Problem statement -
Reproduce each record exactly, leaving out no line.

(Record set begins)

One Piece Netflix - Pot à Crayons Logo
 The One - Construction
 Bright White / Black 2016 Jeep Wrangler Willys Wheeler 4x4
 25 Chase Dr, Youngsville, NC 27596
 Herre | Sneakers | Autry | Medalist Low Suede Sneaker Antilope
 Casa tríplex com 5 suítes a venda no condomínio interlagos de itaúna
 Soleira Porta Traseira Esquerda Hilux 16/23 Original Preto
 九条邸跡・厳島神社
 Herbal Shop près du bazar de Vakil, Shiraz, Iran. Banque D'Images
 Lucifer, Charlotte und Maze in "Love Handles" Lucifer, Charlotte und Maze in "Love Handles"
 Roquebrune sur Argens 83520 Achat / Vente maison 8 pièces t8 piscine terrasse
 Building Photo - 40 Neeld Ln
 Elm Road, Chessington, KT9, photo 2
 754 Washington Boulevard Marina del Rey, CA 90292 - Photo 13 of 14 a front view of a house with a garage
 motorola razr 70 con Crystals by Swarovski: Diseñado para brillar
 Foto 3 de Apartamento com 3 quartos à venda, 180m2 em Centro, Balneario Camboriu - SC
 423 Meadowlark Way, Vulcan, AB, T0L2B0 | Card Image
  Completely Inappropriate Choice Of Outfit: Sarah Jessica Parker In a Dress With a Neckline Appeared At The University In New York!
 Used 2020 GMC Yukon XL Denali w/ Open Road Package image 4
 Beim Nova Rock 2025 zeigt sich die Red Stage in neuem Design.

(Record set ends)

Response -
One Piece Netflix - Pot à Crayons Logo
 The One - Construction
 Bright White / Black 2016 Jeep Wrangler Willys Wheeler 4x4
 25 Chase Dr, Youngsville, NC 27596
 Herre | Sneakers | Autry | Medalist Low Suede Sneaker Antilope
 Casa tríplex com 5 suítes a venda no condomínio interlagos de itaúna
 Soleira Porta Traseira Esquerda Hilux 16/23 Original Preto
 九条邸跡・厳島神社
 Herbal Shop près du bazar de Vakil, Shiraz, Iran. Banque D'Images
 Lucifer, Charlotte und Maze in "Love Handles" Lucifer, Charlotte und Maze in "Love Handles"
 Roquebrune sur Argens 83520 Achat / Vente maison 8 pièces t8 piscine terrasse
 Building Photo - 40 Neeld Ln
 Elm Road, Chessington, KT9, photo 2
 754 Washington Boulevard Marina del Rey, CA 90292 - Photo 13 of 14 a front view of a house with a garage
 motorola razr 70 con Crystals by Swarovski: Diseñado para brillar
 Foto 3 de Apartamento com 3 quartos à venda, 180m2 em Centro, Balneario Camboriu - SC
 423 Meadowlark Way, Vulcan, AB, T0L2B0 | Card Image
  Completely Inappropriate Choice Of Outfit: Sarah Jessica Parker In a Dress With a Neckline Appeared At The University In New York!
 Used 2020 GMC Yukon XL Denali w/ Open Road Package image 4
 Beim Nova Rock 2025 zeigt sich die Red Stage in neuem Design.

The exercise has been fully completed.